Start of Exercise data

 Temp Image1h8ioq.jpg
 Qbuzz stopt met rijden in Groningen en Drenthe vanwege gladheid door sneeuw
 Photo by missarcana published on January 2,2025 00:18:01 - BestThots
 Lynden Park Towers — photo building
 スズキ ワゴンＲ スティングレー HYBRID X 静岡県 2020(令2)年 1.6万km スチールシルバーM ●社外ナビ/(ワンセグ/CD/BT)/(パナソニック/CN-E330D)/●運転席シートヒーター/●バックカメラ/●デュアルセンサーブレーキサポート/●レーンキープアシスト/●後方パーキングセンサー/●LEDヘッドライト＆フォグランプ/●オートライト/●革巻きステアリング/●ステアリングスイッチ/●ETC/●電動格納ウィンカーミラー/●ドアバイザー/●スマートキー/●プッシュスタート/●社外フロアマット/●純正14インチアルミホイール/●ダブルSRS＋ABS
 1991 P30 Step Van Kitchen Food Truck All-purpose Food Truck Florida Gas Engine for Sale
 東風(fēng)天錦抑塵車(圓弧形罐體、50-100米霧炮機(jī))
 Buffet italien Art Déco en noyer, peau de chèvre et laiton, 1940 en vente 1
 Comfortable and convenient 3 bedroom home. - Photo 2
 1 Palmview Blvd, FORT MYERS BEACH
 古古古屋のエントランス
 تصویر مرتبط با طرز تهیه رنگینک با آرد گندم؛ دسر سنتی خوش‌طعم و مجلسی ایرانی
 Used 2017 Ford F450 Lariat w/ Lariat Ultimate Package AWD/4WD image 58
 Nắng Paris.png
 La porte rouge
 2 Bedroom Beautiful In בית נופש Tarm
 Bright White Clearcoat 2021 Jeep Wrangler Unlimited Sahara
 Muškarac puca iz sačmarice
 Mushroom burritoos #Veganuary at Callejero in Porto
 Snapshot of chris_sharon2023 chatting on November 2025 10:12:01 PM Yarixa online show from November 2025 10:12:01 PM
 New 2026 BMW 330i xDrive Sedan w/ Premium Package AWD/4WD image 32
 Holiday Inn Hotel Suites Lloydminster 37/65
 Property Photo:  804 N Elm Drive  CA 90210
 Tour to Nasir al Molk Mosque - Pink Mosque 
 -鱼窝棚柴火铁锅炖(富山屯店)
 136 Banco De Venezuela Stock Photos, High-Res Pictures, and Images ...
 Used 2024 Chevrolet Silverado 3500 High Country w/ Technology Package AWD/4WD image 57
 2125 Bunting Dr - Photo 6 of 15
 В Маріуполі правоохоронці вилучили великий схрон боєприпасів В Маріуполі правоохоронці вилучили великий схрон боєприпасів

End of Exercise data

▶ [What the task asks] Output the data exactly, from the first line through the line that holds "1991 P30 Step", so that no later line appears.

▶ [Solution for this task]
 Temp Image1h8ioq.jpg
 Qbuzz stopt met rijden in Groningen en Drenthe vanwege gladheid door sneeuw
 Photo by missarcana published on January 2,2025 00:18:01 - BestThots
 Lynden Park Towers — photo building
 スズキ ワゴンＲ スティングレー HYBRID X 静岡県 2020(令2)年 1.6万km スチールシルバーM ●社外ナビ/(ワンセグ/CD/BT)/(パナソニック/CN-E330D)/●運転席シートヒーター/●バックカメラ/●デュアルセンサーブレーキサポート/●レーンキープアシスト/●後方パーキングセンサー/●LEDヘッドライト＆フォグランプ/●オートライト/●革巻きステアリング/●ステアリングスイッチ/●ETC/●電動格納ウィンカーミラー/●ドアバイザー/●スマートキー/●プッシュスタート/●社外フロアマット/●純正14インチアルミホイール/●ダブルSRS＋ABS
 1991 P30 Step Van Kitchen Food Truck All-purpose Food Truck Florida Gas Engine for Sale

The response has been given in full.